Daniele Polencic

Streaming Zod: How Tambo Actually Works

2026-02-21T00:00:00Z

Looks like they've hacked Zod to do validation on partial/streaming data. Very clever. by Colin Hacks (@colinhacks), creator of Zod.

Colin tweeted about Tambo, a React toolkit for generative UIs that streams structured data from LLMs into React components. He claims they found a way to use Zod for validating partial, streaming data.

My first thought was: how does that work?

Streaming schema validation seems to require a significant change to how Zod operates.

Maybe it would need something like a SAX-style JSON parser built into the schema?

I looked through the source code and realized there was a way to simplify it.

I also built a minimal demo to show how it works.

The real answer is actually simpler than I expected.

Zod isn't used at all during streaming.

It's only involved at the start, when schemas are converted to JSON Schema using zod-to-json-schema.

After that, Zod isn't needed anymore.

There are two ways streaming happens:

Tool call arguments: String deltas from the LLM are collected and parsed with the partial-json library on every chunk. Then, a function called unstrictify removes null values in OpenAI's structured output mode, using the JSON Schema (not Zod).
Component props: The backend processes the LLM output and sends JSON Patch (RFC 6902) operations to the client using fast-json-patch. The client doesn't parse partial JSON for props.

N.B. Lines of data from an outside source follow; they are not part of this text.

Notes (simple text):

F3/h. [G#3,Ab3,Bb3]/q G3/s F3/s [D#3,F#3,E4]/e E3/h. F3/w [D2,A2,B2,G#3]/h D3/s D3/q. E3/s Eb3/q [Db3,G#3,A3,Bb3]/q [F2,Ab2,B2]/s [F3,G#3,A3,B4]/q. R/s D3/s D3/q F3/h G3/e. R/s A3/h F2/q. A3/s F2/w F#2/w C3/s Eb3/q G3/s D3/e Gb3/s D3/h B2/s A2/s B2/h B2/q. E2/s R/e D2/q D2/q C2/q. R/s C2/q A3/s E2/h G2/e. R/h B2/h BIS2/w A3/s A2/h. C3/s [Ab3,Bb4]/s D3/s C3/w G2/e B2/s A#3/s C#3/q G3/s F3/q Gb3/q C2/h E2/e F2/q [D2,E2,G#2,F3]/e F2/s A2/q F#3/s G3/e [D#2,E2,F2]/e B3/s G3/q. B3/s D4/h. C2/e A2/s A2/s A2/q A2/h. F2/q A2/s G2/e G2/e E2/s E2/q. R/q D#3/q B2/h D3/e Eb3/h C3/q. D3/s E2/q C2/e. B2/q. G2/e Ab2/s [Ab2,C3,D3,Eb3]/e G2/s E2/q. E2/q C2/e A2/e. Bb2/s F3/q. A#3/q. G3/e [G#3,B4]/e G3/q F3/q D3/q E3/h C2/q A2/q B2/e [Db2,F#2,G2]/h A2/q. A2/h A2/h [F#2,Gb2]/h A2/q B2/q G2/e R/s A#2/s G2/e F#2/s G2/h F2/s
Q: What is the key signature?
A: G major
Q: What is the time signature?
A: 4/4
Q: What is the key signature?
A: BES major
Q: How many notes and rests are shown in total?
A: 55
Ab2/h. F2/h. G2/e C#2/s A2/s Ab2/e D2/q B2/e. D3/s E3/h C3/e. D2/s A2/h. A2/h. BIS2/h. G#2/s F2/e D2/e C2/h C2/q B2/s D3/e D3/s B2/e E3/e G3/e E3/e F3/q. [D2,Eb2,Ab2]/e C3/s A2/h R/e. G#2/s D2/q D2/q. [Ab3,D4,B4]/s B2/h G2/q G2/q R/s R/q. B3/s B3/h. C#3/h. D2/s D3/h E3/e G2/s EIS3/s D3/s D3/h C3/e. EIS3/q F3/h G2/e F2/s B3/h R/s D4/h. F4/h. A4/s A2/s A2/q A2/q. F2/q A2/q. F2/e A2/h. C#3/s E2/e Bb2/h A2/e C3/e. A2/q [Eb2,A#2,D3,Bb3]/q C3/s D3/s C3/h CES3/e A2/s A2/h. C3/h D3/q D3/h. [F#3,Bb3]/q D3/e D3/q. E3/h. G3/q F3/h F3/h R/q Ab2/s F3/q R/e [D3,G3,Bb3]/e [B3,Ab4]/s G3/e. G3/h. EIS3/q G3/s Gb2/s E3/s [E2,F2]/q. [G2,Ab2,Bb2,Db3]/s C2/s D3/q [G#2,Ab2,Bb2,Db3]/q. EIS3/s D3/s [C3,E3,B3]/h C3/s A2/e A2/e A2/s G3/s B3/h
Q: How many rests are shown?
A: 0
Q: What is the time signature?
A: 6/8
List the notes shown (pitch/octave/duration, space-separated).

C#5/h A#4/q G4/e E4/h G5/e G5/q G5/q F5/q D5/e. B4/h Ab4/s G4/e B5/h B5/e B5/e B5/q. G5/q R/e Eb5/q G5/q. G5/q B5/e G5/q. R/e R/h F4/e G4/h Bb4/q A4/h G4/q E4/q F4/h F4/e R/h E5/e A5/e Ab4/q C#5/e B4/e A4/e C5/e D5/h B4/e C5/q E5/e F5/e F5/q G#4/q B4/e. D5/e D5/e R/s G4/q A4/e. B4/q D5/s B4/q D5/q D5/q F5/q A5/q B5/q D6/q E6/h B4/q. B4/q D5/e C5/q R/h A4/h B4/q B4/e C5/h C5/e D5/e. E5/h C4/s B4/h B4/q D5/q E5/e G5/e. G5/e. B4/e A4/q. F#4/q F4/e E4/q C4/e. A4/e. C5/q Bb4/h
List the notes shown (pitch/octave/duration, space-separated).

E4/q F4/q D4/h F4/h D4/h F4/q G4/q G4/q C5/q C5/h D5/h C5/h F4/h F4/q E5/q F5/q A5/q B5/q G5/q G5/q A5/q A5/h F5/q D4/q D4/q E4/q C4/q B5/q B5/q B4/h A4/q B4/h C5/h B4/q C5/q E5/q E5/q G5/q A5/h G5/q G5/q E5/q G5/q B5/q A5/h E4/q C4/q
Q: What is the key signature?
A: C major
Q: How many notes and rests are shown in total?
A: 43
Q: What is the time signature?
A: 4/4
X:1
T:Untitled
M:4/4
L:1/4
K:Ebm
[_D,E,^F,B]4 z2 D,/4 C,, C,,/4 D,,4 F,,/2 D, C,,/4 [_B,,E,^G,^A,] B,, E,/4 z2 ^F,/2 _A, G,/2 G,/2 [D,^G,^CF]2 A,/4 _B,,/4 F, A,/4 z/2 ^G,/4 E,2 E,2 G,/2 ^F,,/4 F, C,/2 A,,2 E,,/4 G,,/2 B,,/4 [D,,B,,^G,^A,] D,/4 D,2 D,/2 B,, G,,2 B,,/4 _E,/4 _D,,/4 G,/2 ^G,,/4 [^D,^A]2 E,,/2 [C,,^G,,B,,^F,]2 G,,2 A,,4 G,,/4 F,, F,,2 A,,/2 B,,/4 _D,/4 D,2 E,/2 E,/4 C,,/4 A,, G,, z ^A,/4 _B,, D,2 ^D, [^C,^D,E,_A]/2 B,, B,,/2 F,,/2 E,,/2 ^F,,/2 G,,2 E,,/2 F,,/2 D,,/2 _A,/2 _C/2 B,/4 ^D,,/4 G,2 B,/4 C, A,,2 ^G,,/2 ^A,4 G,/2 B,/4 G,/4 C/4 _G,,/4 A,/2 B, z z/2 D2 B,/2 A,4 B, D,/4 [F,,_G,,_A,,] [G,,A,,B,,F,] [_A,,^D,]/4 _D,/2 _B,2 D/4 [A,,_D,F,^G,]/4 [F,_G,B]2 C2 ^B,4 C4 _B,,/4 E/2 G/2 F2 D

So, there's no Zod hacking involved.

The so-called "streaming validation" just uses partial-json (which closes open brackets and quotes) and converts schemas to JSON Schema at the start.

A more interesting question: why does Tambo use JSON Patch and a backend for component props when they already use partial-json on the client for tool call arguments?

The backend sits between the LLM and the client, finds completed key/value pairs, and sends clean patch operations.

This avoids the problem of "garbage intermediate keys," where partial-json can give you cut-off keys like {"da": ""} if the stream is mid-key.

But could this logic just run on the client instead?

I think it could.

Using a backend is more of an architectural decision than a technical requirement.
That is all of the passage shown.